The optical industry’s job is never done, as there is always a need for more speed and bandwidth. I remember clearly when Infinera burst onto the scene in the mid-2000s with new Indium Phosphide technology and photonic integrated circuits to challenge the status quo. There’s been a lot of change since then, and plenty more still to come.  With us today to talk about Infinera’s viewpoint on where we are and where we are going in the world of optics and bandwidth is Robert Maher, CTO of Infinera’s Optical Modules and Coherent Solutions.

TR: What is your background and how did you land in the CTO slot at Infinera?

RM: I grew up in Dublin, Ireland, where I completed my bachelor’s degree in electronic engineering. At the end of my engineering degree, I felt like I needed to know a bit more, so I did a Ph.D. in optical communications. That was really the starting point, as I was completing my Ph.D., I was traveling to conferences like OFC, ECOC, and such. I would attend these events and remember when Infinera used to have a truck and they looked like a real leader in innovation in this space.

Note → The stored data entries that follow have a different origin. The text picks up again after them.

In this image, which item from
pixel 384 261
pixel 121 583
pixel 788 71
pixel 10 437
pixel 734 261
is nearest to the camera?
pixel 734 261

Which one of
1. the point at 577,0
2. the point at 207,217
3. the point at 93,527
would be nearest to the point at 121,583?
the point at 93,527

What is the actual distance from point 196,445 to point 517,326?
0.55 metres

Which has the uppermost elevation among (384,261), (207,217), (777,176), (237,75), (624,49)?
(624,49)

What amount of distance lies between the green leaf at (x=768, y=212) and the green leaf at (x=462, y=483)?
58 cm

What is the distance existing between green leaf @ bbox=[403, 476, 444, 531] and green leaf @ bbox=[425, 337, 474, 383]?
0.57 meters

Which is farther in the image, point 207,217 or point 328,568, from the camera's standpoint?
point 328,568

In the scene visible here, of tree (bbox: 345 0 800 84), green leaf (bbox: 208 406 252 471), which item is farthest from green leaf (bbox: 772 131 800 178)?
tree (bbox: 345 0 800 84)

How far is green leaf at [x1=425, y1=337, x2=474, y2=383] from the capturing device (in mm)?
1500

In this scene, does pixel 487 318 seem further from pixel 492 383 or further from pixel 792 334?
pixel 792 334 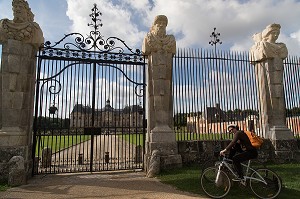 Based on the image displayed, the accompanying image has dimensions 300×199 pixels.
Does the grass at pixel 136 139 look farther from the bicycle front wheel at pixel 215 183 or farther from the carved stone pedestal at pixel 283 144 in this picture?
the carved stone pedestal at pixel 283 144

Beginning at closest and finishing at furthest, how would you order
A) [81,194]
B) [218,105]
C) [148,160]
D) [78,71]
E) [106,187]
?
[81,194] < [106,187] < [148,160] < [78,71] < [218,105]

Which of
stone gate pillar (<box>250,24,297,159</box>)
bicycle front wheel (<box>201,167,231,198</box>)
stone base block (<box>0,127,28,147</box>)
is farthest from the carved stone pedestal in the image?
stone base block (<box>0,127,28,147</box>)

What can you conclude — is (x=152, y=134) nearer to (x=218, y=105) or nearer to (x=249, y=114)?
(x=218, y=105)

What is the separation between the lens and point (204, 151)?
8.62m

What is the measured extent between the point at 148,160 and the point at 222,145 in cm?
278

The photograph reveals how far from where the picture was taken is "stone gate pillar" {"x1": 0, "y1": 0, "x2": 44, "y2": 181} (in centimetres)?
704

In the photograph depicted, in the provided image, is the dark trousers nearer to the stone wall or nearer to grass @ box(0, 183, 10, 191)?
the stone wall

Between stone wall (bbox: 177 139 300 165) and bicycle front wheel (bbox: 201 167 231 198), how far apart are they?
8.99 feet

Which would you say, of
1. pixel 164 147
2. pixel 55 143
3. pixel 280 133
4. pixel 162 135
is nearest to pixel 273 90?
pixel 280 133

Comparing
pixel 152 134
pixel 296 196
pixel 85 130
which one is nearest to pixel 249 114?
pixel 152 134

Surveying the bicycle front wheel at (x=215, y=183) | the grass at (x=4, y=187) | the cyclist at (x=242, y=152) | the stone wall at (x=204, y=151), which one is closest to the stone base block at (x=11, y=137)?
the grass at (x=4, y=187)

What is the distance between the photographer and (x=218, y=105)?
9336mm

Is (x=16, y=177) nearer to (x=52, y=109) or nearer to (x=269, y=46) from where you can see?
(x=52, y=109)

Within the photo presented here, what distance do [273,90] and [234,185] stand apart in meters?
5.10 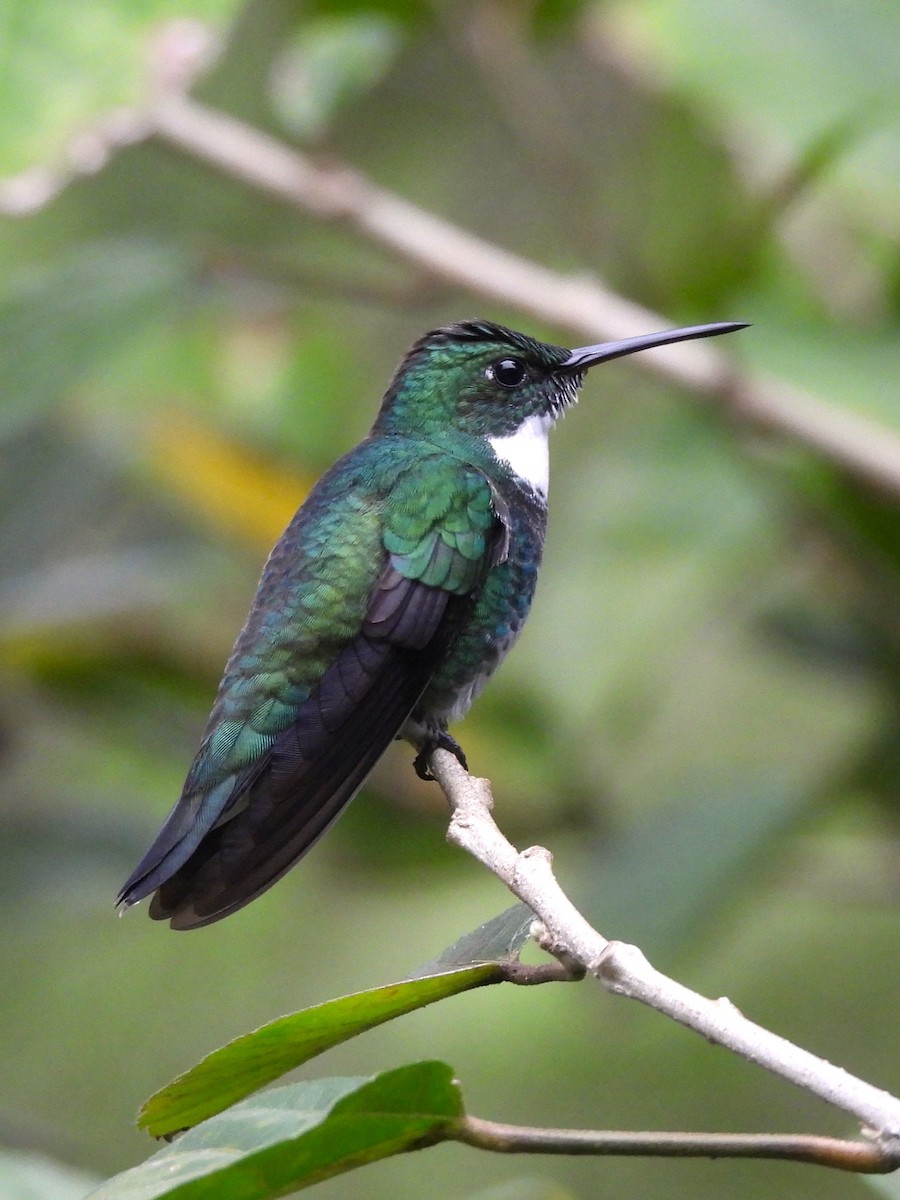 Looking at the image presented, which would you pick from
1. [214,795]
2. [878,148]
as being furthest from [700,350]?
[214,795]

After I finished my Ph.D., I did six years of research at University College London. I got to the point where the question was, should I be a lecturer, or should I move into the industry? Really, Infinera was the only company I considered, and so in 2016, I moved straight from London all the way to San Jose to work with Infinera. It’s been fantastic ever since.

TR: What does Infinera’s portfolio look like right now?

RM: ICE6 is our current embedded engine and has been on the market now for a couple of years.  It is very popular for metro, regional, long haul, and all the way to subsea applications. It was the first coherent engine ever to support symbol rates of over 100GBd, and today it has all these innovative features that enable us to provide the best-in-class performance at 800G, at the lowest cost and power per bit. It has set a lot of records in both the subsea and terrestrial spaces. The next generation of that embedded engine is really going to be ICE7, which is coming out next year. ICE7 will increase the symbol rates and the data rates with the sole purpose of driving down power and cost-per-bit. That’s what everybody ultimately cares about. ICE7 will be 1.2Tbps per channel, and then ICE8 with 2.4Tbps per channel. 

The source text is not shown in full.